- WORK ORDER -
In the material below, find the line that contains "Free Happy Birthday Background For PicsArt" and the line that contains "Audi A4 - 35", then write out exactly those two lines and everything between them.

== MATERIALS PROVIDED ==

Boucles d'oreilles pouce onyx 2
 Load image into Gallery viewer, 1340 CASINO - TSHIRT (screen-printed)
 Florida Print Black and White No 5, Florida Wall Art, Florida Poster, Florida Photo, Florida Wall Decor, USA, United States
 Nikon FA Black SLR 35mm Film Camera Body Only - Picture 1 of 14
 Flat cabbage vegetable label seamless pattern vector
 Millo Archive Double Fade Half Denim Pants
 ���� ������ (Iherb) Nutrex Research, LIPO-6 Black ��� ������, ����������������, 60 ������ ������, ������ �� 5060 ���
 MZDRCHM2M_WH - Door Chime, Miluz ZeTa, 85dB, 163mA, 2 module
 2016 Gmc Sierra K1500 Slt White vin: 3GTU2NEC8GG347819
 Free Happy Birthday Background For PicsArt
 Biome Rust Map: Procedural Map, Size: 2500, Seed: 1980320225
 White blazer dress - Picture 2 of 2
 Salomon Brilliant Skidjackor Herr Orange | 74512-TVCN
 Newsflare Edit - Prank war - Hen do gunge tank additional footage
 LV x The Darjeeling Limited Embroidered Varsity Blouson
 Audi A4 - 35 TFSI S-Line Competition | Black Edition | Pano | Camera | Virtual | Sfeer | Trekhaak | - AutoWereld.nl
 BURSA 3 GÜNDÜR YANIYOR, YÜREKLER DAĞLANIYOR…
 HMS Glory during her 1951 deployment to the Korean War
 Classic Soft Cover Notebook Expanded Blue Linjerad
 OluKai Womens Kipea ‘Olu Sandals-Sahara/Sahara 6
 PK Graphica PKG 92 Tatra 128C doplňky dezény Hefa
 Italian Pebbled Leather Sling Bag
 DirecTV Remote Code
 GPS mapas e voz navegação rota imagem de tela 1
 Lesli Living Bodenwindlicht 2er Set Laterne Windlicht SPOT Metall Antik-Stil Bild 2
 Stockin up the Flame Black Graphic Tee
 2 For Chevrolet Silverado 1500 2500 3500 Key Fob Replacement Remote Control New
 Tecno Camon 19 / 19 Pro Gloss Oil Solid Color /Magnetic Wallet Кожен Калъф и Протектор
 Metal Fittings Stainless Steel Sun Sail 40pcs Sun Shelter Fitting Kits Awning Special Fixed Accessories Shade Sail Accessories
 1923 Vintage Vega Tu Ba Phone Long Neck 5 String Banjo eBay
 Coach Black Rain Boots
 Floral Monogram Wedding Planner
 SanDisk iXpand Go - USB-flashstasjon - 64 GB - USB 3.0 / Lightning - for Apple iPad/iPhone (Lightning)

===

- EXERCISE ANSWER -
 Free Happy Birthday Background For PicsArt
 Biome Rust Map: Procedural Map, Size: 2500, Seed: 1980320225
 White blazer dress - Picture 2 of 2
 Salomon Brilliant Skidjackor Herr Orange | 74512-TVCN
 Newsflare Edit - Prank war - Hen do gunge tank additional footage
 LV x The Darjeeling Limited Embroidered Varsity Blouson
 Audi A4 - 35 TFSI S-Line Competition | Black Edition | Pano | Camera | Virtual | Sfeer | Trekhaak | - AutoWereld.nl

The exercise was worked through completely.